[Captioned web images]
------------------------------------

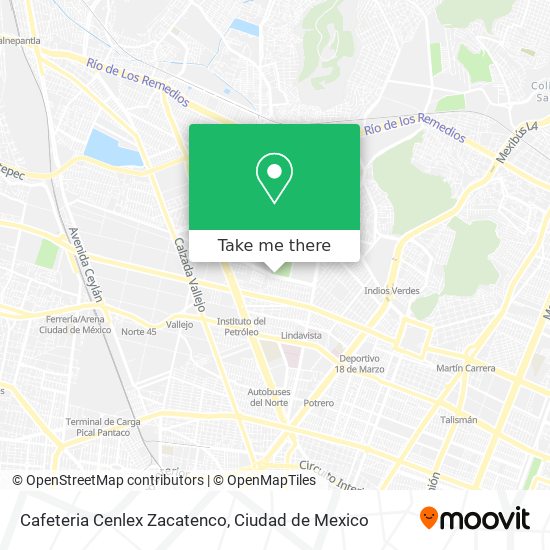 Mapa de Cafeteria Cenlex Zacatenco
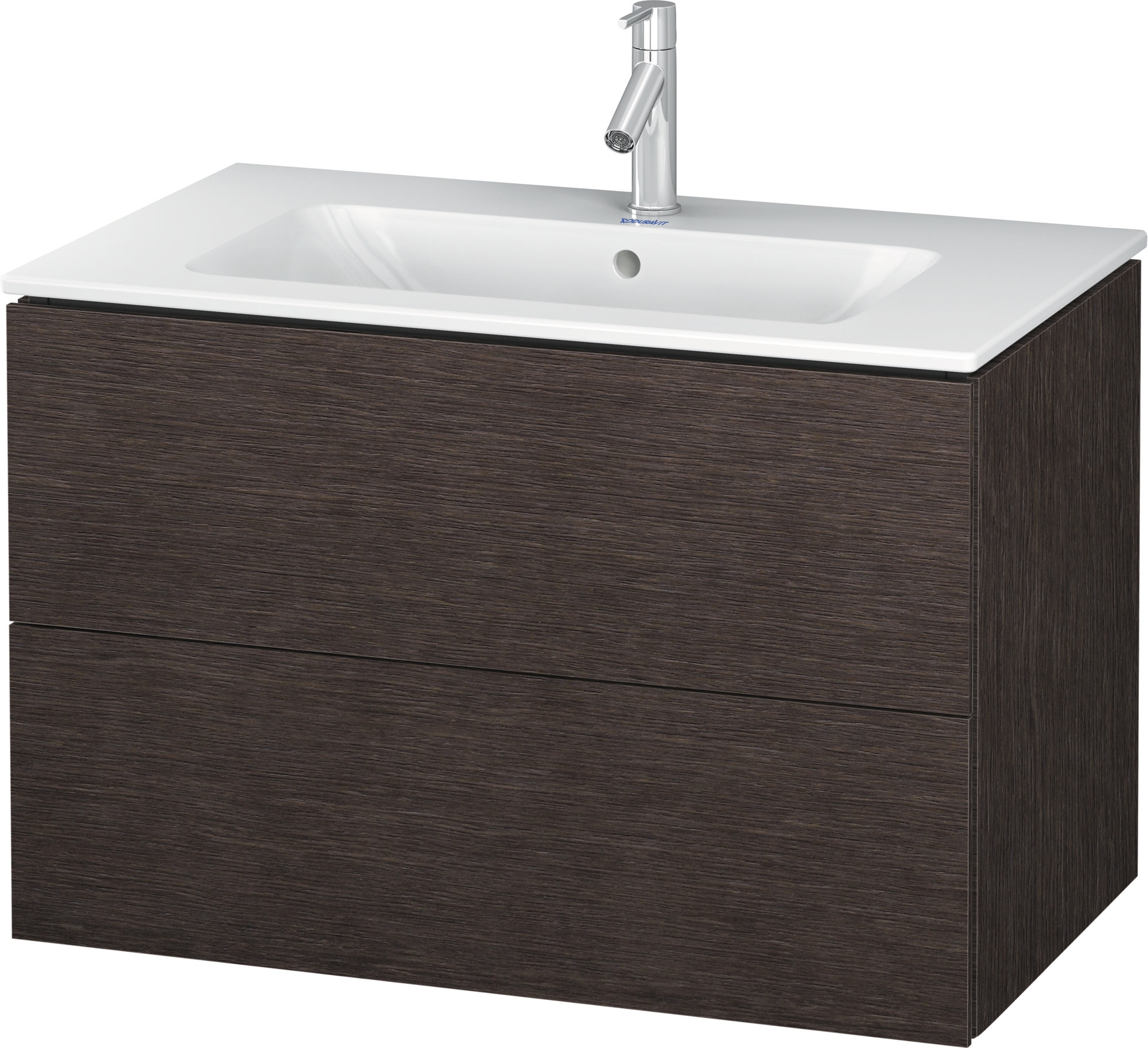 DURAVIT L-CUBE skrinka pod umývadlo 82x48,1x55 cm, 2 zásuvky, Push-open, Dark Brushed Oak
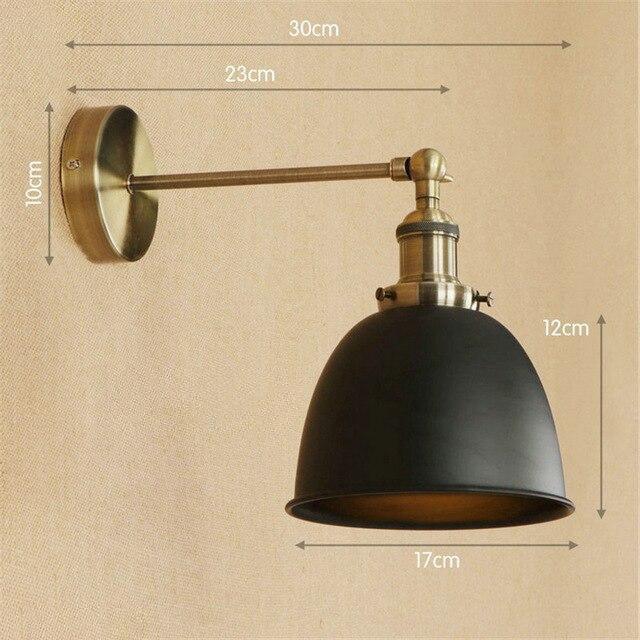 Industrial Wall Light Black Thermolacquered Brushed Brass E27 Max 40W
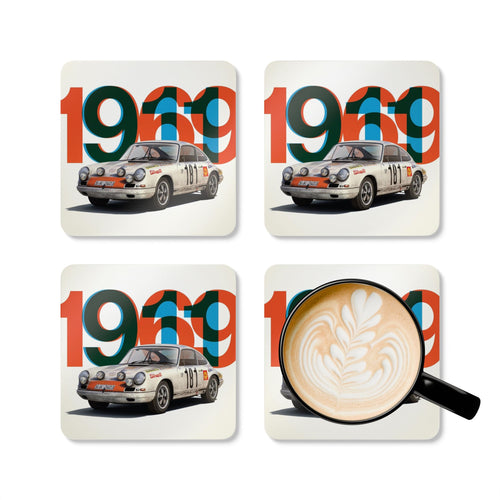 1969 Vintage Rally Car Corkback Coaster Set | Classic Motorsport Poster Style (4 Pieces)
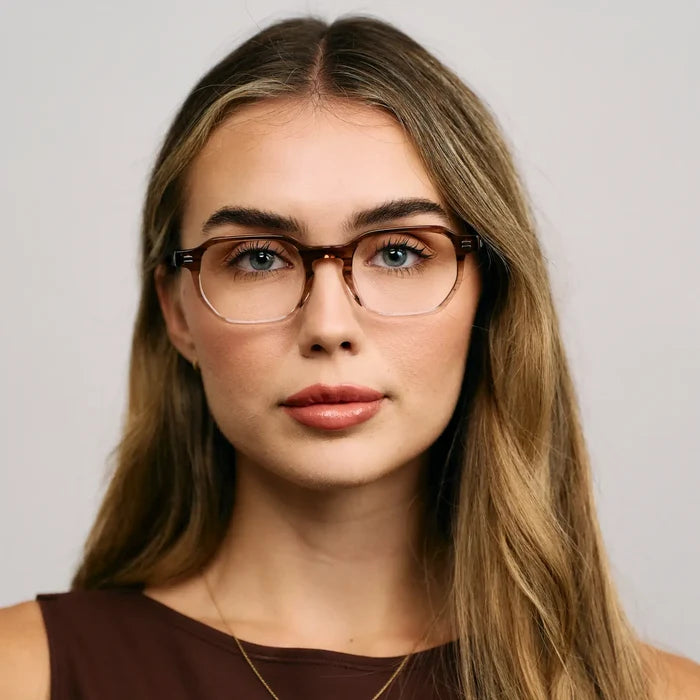Pale Cedar Brown || Model wearing Unisex Geometric Rectangular Prescription Eyeglasses with Dual-Tone Pale Cedar Brown Acetate Frame and Clear Lens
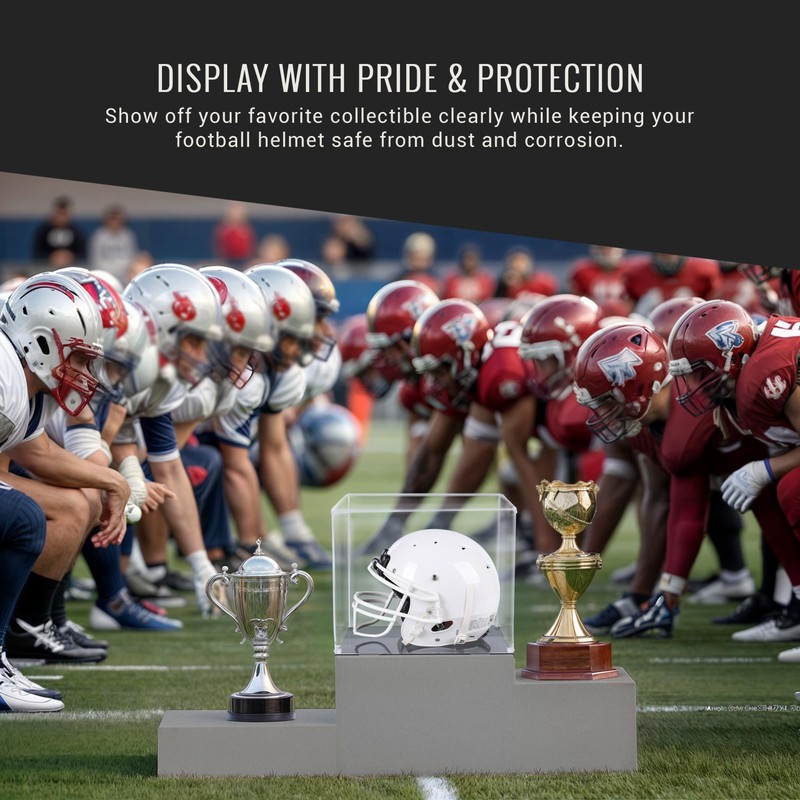 Osmanet Football Helmet Display Case, Clear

------------------------------------

> PROBLEM DETAILS: Print the data above in full and exactly as it appears, skipping the pictures.

> REPLY TO THE EXERCISE:
 Mapa de Cafeteria Cenlex Zacatenco
 DURAVIT L-CUBE skrinka pod umývadlo 82x48,1x55 cm, 2 zásuvky, Push-open, Dark Brushed Oak
 Industrial Wall Light Black Thermolacquered Brushed Brass E27 Max 40W
 1969 Vintage Rally Car Corkback Coaster Set | Classic Motorsport Poster Style (4 Pieces)
Pale Cedar Brown || Model wearing Unisex Geometric Rectangular Prescription Eyeglasses with Dual-Tone Pale Cedar Brown Acetate Frame and Clear Lens
 Osmanet Football Helmet Display Case, Clear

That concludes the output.